"I am not an author, I am sorry to say," he objected. "I have written but the one book, and I have never been able to find a publisher for it."

"But you are not going to give up?"

"No; I am going to rewrite the book and try again—and yet again, if needful. It is my message to mankind, and I mean to deliver it."

"Bravo!" she applauded, clapping her hands in a little burst of enthusiasm which, if it were not real, was at least an excellent simulation. "It is only the weak ones who say, 'I hope.' For the truly strong hearts there is only the one battle-cry, 'I will!' When you get blue and discouraged you must come to me and let me cheer you. Cheering people is my mission, if I have any."
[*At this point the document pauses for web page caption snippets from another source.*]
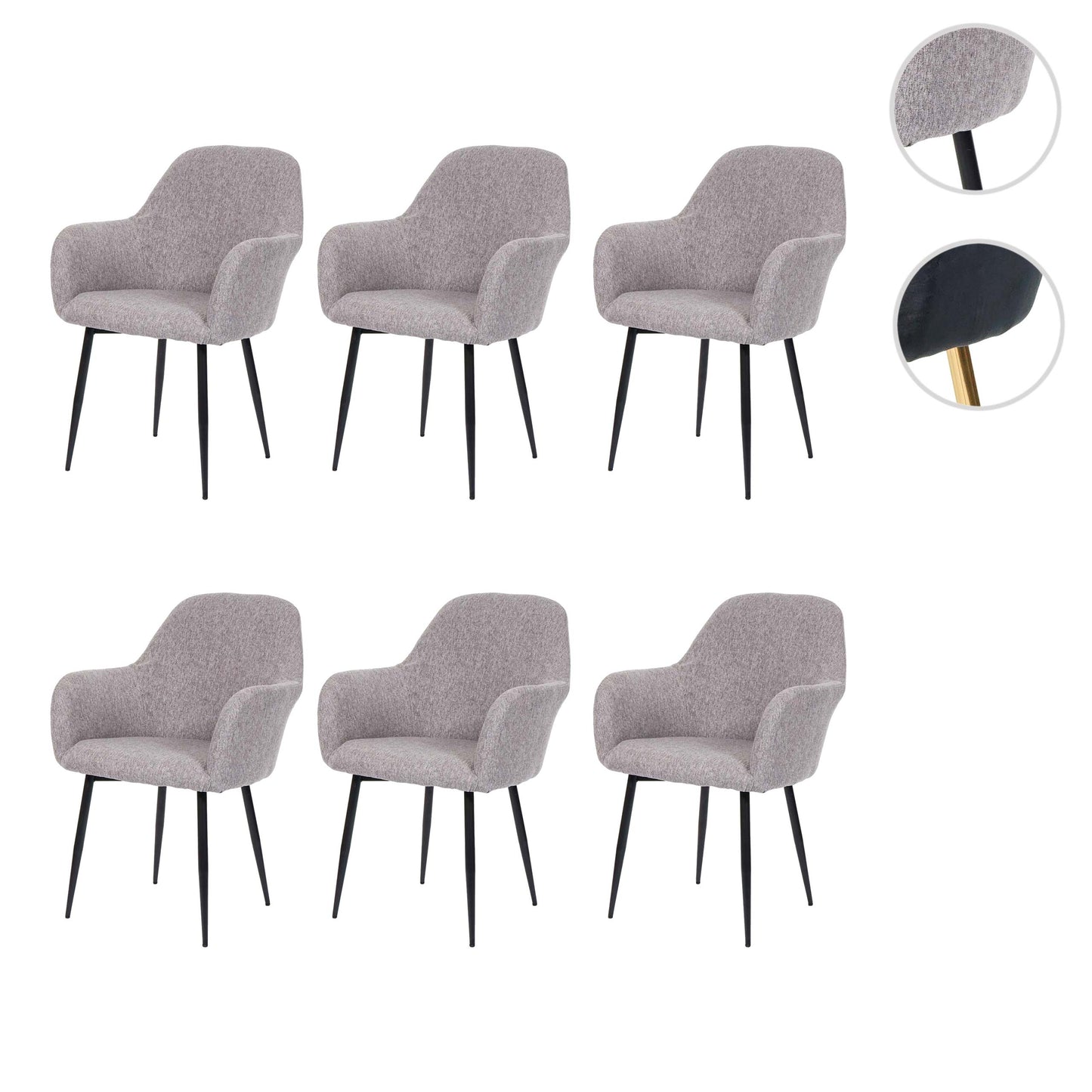 Cosmo Casa - Set van 6 Keukenstoelen - Retro - Textiel - Grijs & Zwart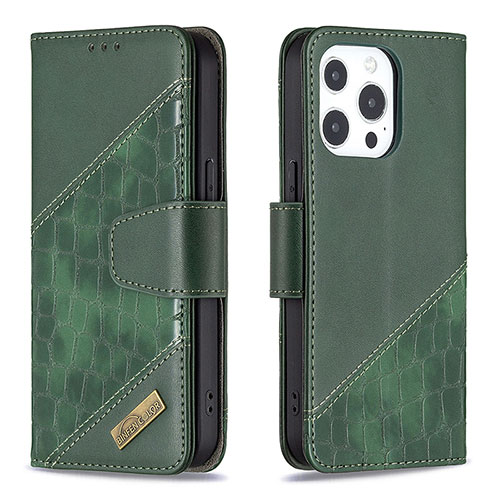 Leather Case Stands Fashionable Pattern Flip Cover L05 Holder for Apple iPhone 15 Pro Green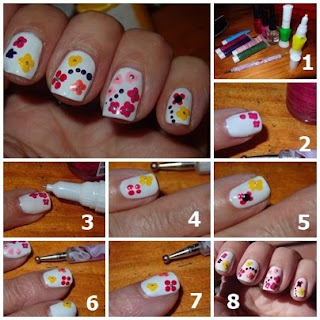 manicura de flores paso a paso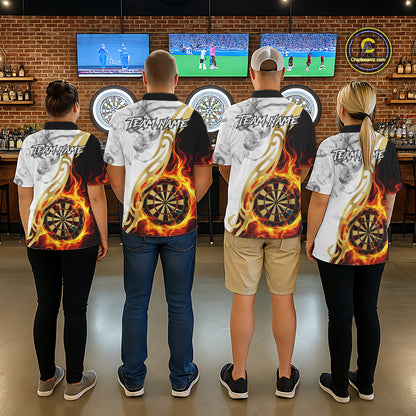 Personalized Flame Smoke Tribal Darts Shirt For Women Custom Golden Darts Jersey Team Polo & 1/4 Zip TDM5537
Griswold's pale face flushed and the blood sang liltingly in his veins. He wondered if she had been tempted to read the manuscript of the book while he was fighting his way back to consciousness and life. If they had been alone together, he would have asked her. The bare possibility set all the springs of the author's vanity upbubbling within him. There and then he promised himself that she should hear the rewriting of the book, chapter by chapter. But what he said was out of a deeper, and worthier, underthought.

"You have many missions, Miss Margery: some of them you choose, and some are chosen for you."

"No," she denied; "nobody has ever chosen for me."

"That may be true, without making me a false prophet. Sometimes when we think we are choosing for ourselves, chance chooses for us; oftener than not, I believe."

She turned on him quickly, and for a single swiftly passing instant the velvety eyes were deep wells of soberness with an indefinable underdepth of sorrow in them. Griswold had a sudden conviction that for the first time in his knowing of her he was looking into the soul of the real Margery Grierson.

"What you call 'chance' may possibly have a bigger and better name," she said, gravely. "Had you ever thought of that?"